I found myself just now shouting “Amen” to the comments of a letter-writer from Charlottesville, Virginia, responding to the piece in the latest issue of the journal. The writer, Tony Tian-Ren-Lin, takes the journal to task for not understanding the difference between Schuller’s “gospel” and, well, the Gospel.
The Crystal Cathedral wasn’t, he points, out, evangelical at all. Institutionally, it was part of the mainline Reformed Church in America (that’s how you say “Presbyterian Church (USA)” in Dutch), and Schuller’s mission was not to call people to repentance of sin but to higher self-esteem. “If anything, the fall of the Crystal Cathedral represents the decline of that branch of mainline Protestantism,” he writes.
So, the question remains, where are all the people who once thronged the Crystal Cathedral. The Charlottesville correspondent explains to the American scholars: “They are at home, having their self-esteem puffed up by a new breed of prosperity-Gospel preacher, including Joel Osteen, Joyce Meyer, and T.D. Jakes.”

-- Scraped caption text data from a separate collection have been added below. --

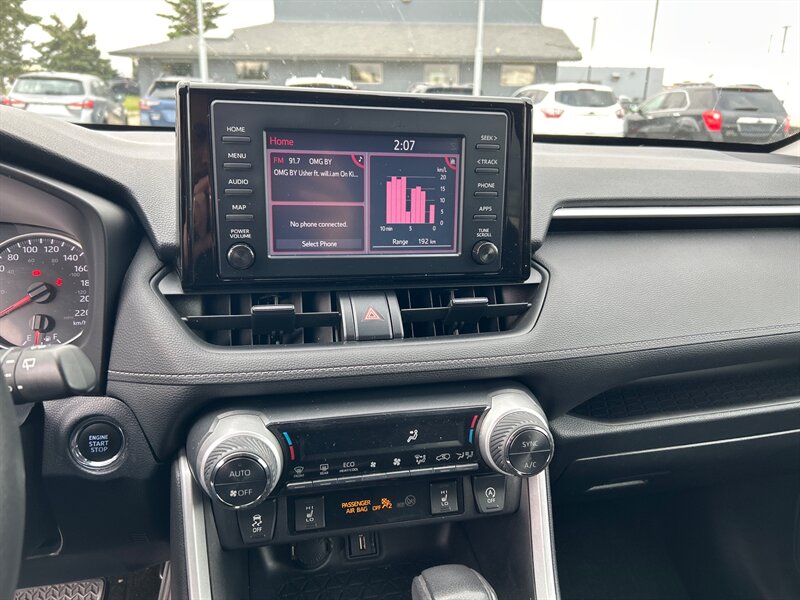2021 Toyota RAV4 XLE - Photo 12 - Edmonton, AB T6E 6B3
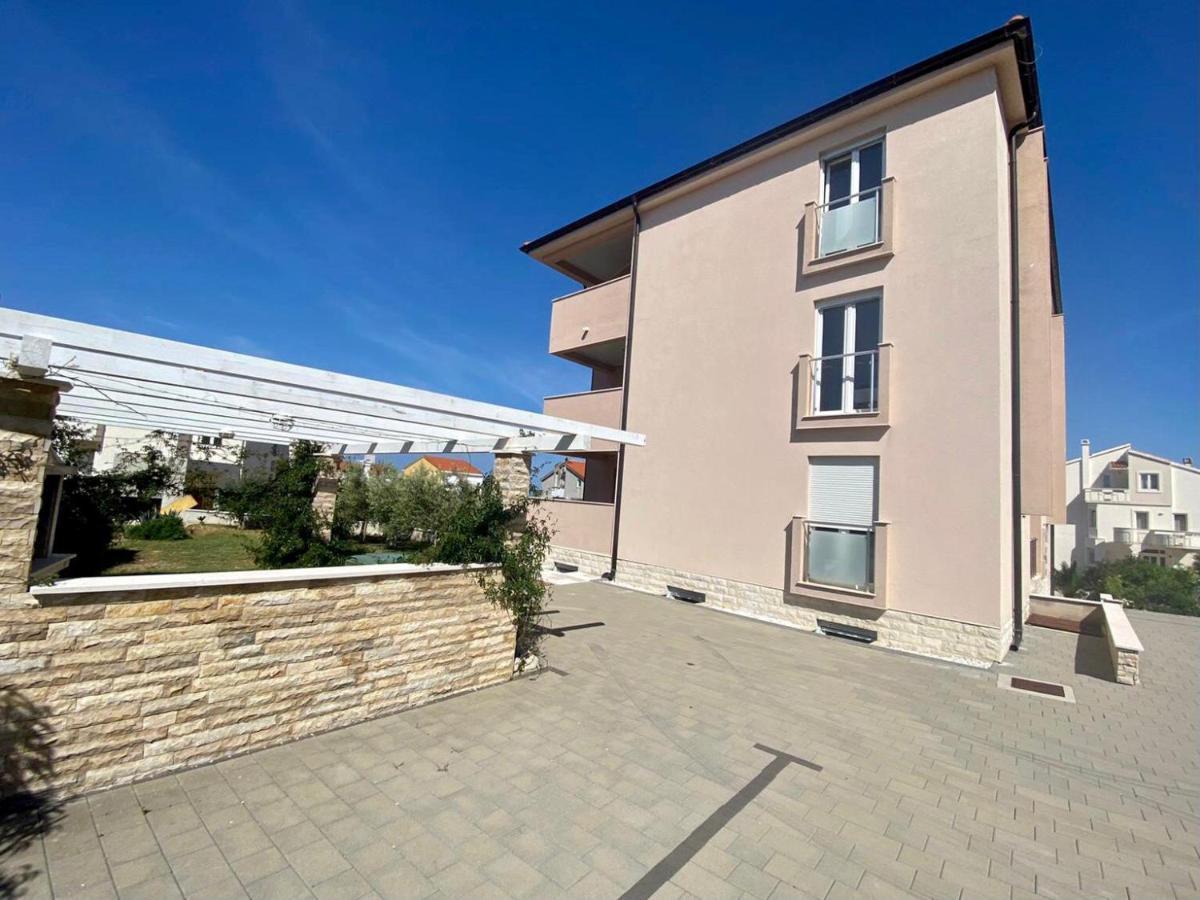 Atrium Novalja Daire Dış mekan fotoğraf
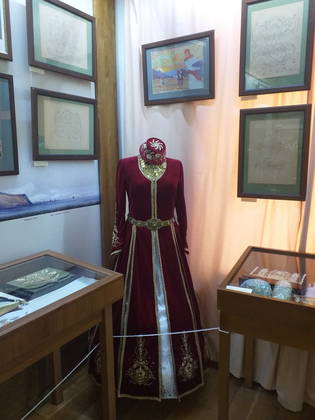 Праздничный женский крымскотатарский костюм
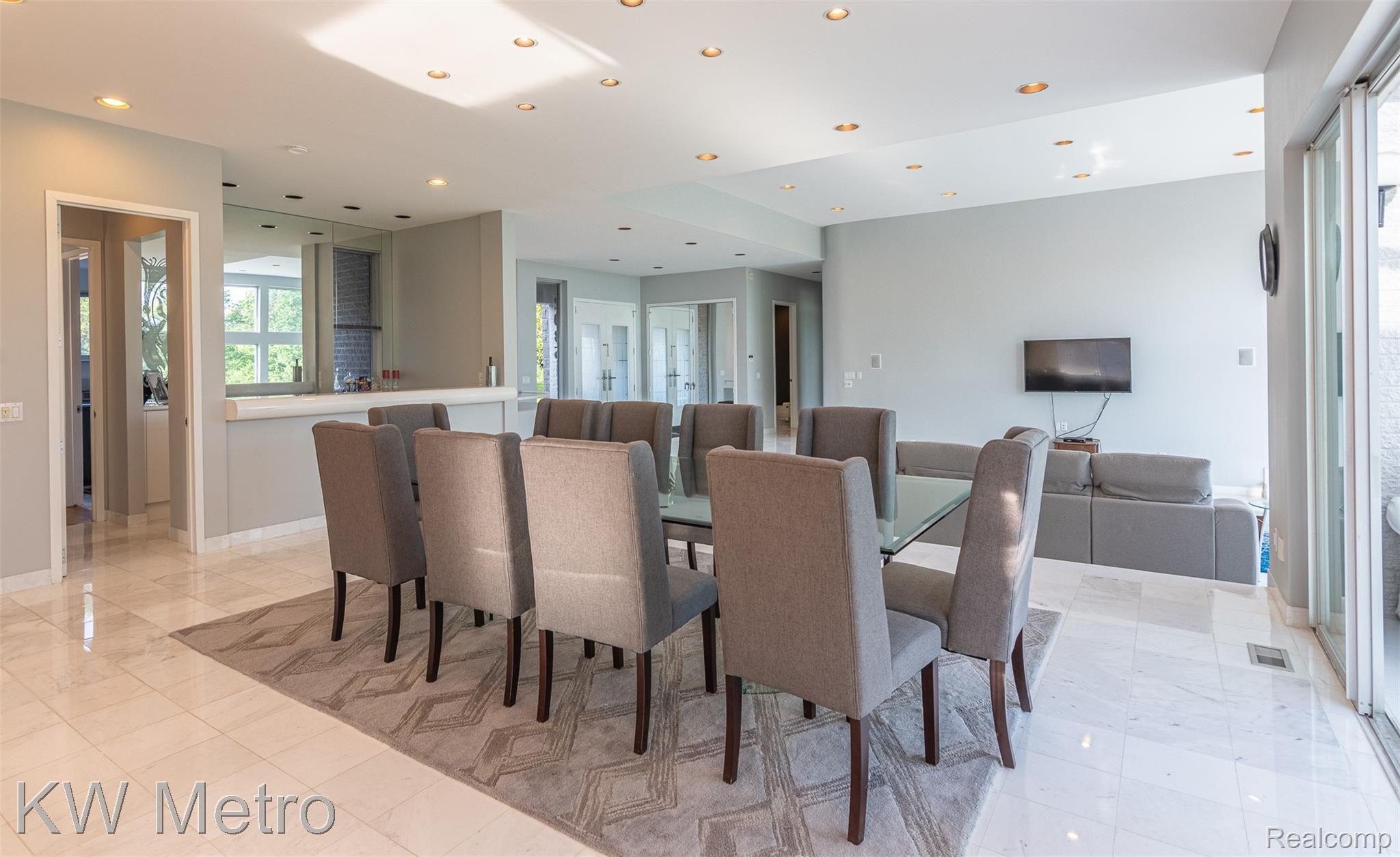 2085 Lone Pine Road Bloomfield Hills, MI 48302 - Photo 24 of 57 2085 Lone Pine Rd-37.jpg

This is exactly right. The prosperity gospel isn’t just another brand of evangelicalism. It isn’t “evangelical” at all because it’s rooted in a different gospel from the one preached and embodied by Jesus Christ. The prosperity gospel is far more akin to the ancient Canaanite fertility religions than it is to anything announced by Jesus, the prophets before him, or the apostles after him.
We shouldn’t be that hard on the secular world for failing to see the difference between the prosperity gospel and the Gospel, but we should certainly expect the church to know the difference, and to say so.